De niña aprendí que toda persona y todo oficio tenía un gran valor.
Aprendí que burlarse de una discapacidad era ignorancia, que menospreciar a una persona por su condición social y económica era ignorancia total.
Que maltratar y desconsiderar a aquellos que están bajo nuestra dirección o supervisión, era muestra de mediocridad e inseguridad.
En casa me enseñaron, que siempre o casi siempre, aquel que humillaba a sus subordinados, solía arrodillarse ante sus superiores.
Aprendí que cada tarea por humilde y sencilla que parezca, tiene razón de ser y forma parte de los eslabones de una cadena.

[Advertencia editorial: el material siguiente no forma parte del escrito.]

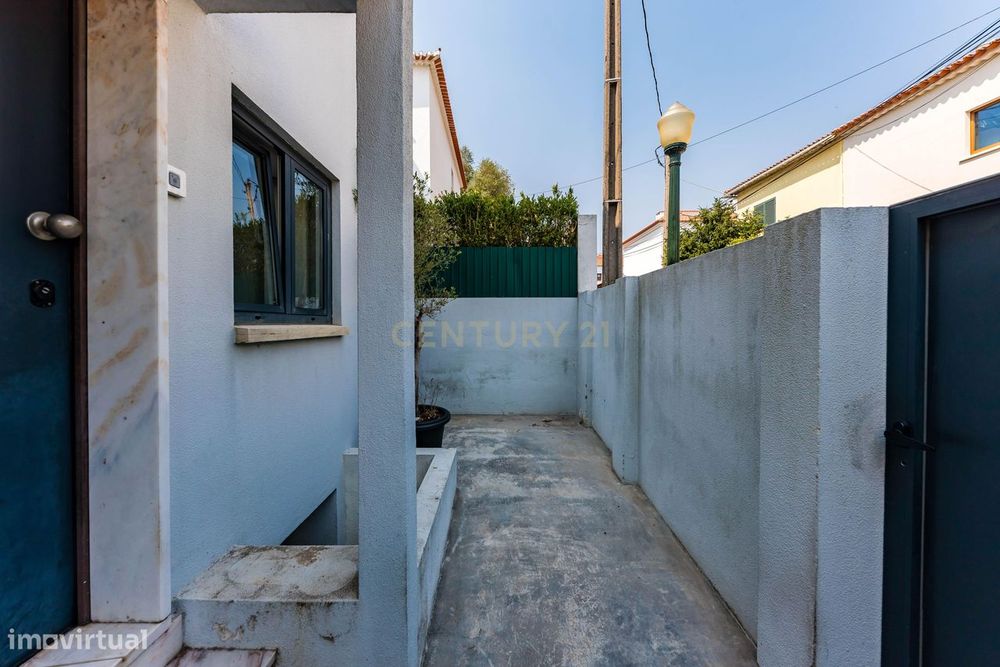 Moradia T2 Renovada com Jardim, Cave e Terraço | Viva o melhor de Belé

Me enseñaron que existen tareas diferentes, que son realizadas por personas iguales.
Me inculcaron el respeto hacia los demás.

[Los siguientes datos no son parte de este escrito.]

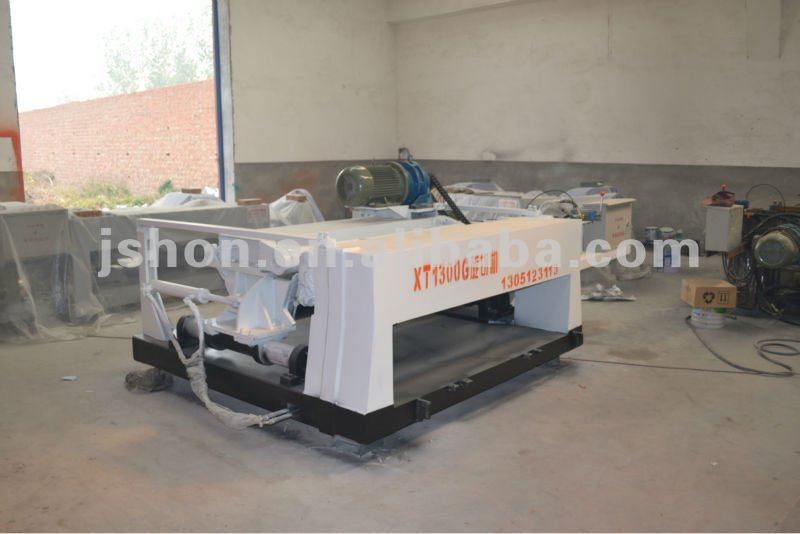 Plywood Making Machine - Log Debarking Machine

Aprendí que la mayor riqueza habita en el alma, que lo más valioso que poseemos son nuestros sentimientos y nuestros afectos, que el mejor regalo es que nos amen, que nos hablen con sinceridad, que nos respeten y valoren.

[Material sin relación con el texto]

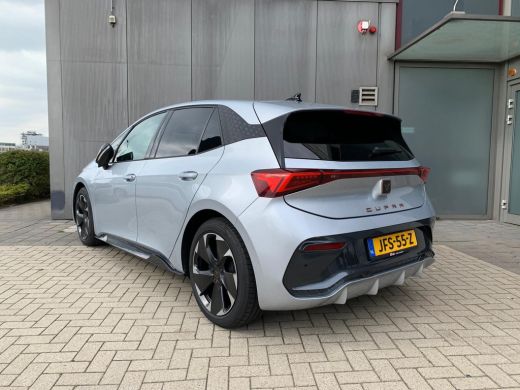 CUPRA Born Essential Limited Elektromotor 150 kW / 204 pk Hatchback Elektrische aandrijving ActivLease financial lease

Aprendí que en la vida, por terrible que sea la tormenta, las aguas siempre vuelven a su cauce.
Aprendí que existen cosas inevitables, que no importa lo que hagas o dejes de hacer, de todas formas pasarán.
Gracias a mi familia de formación, mi primera escuela, aprendí que pretender que somos intocables para las desgracias, para las adversidades, nos deja indefensos cuando éstas se presentan, pues nuestra arrogancia nos situaba inalcanzables a los tiempos desfavorables.
Aprendí que nada está tan alto o lejano para alcanzarlo o que nos alcance.
Cada una de esas enseñanzas las atesoro, pues constituyen consejos de los que hacemos uso para conducir nuestros pasos y tratar de encaminar los de nuestros hijos.
Enseñarles que nadie es mejor, ni peor, simplemente, cada cual es diferente.
Enseñarles que unos llegan primero y otros lo harán después, que cada fruto antes de alcanzar su estado de madurez, requirió de un largo proceso, iniciado con la siembra. Que todo lo que nos rodea y de lo que hacemos uso, es el producto del trabajo y el esfuerzo de alguien más.